You walk through a door into a gallery. You cross over a threshold. You have taken a step from outdoors to indoors where you are shielded from weather and pedestrians. The air is different, the temperature swells, the acoustics change. These are not just the atmospheric changes of moving indoors but are made by the walls of the gallery; the thickness of the stone, the height of the tiled ceiling, the weight of the polished wooden door. These walls were built when children were seen and not heard, and libraries were places of silence. These values still whisper in the walls and work upon you in the same way that a church invites reverence.
What happens when you walk into a gallery? This question seemed to weave itself through our discussions last week. We gathered around the studio table to experiment with children’s movement within a gallery, share examples of nursery visits – holding the little books filled with photos and parent’s descriptions – and played with some specific plans for the new space.
Last month, we had looked outwards, seeing the gallery as connected to the people, place and world that surrounds it. This month, we found ourselves focusing inside the walls of the gallery: the meaning of tiny moments in the gallery space, the heavy doors of the entrance hall and the feeling of entering a gallery building.
Messing about…
Abi’s paper inspired us to consider children’s movement as active communication and learning. We discussed how descriptions of ‘good’ engagement or productive learning, consider movement as a risk where moving is dialogically opposed to learning. It is so often heard from parents and practitioners alike:
‘If only we can slow them down.’
We shared thoughts on how sometimes, movement is tolerated, perhaps even seen as a useful precursor to some ‘proper’ learning, but static engagement is always considered as better and movement is quickly dismissed as ‘messing about.’ But paying attention to the movement of children, as they carry tools from place to place or return repeatedly to the same spot, tells us significant things. And when taken seriously, patterns begin to appear in each new visit. Movement can be exploration and communication. It can be meaningful and purposeful.
Thresholds and desire lines
How many times have you been in a space with a toddler who derives absolute joy and pleasure from running repeatedly out of the door? And how much anticipation and excitement can there be from sneaking closer to the sensors of an automatic door? Thresholds popped up repeatedly in this discussion comparing the differences of heavy wooden doors and swishing glass ones. We talked about how we feel entering a gallery and the different reactions of parents, children and staff as they walked through the gallery door. In some cases, the building had almost a hushing effect, as if there were Victorian values seeping through the walls.
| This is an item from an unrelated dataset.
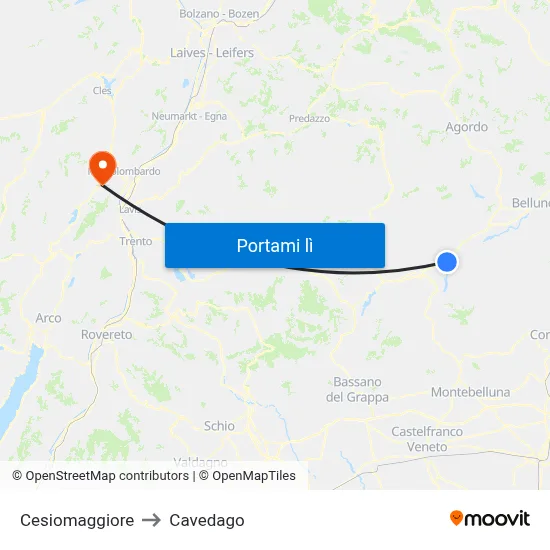 Cesiomaggiore to Cavedago map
Everyday creativity in sofa cushions
We passed a phone around the room with a photo on the screen. The photo was a pile of sofa cushions, stripped from sofas and leaning precariously against each other. From somewhere inside small faces beamed out at the camera. This every day creativity, the comfort of home and the multiplicity of simple objects can all be found in playing with cushions. We explored how this everyday creativity of cushions in a living room could transfer to the gallery and how the textiles and prints of the collections could merge with the ordinariness of playing with cushions.
Returning to threads
Every time we meet we find those same threads from the first session drawing through – the movement within the gallery space, the vibrancy of objects and the repetition of visits, actions and patterns. This week the vibrancy of objects was present in the doors, the walls and the cushions and we could see how this is absorbed in the web of human relationships in the gallery space; the welcome, the trust and the tiny interactions that make a space open or not.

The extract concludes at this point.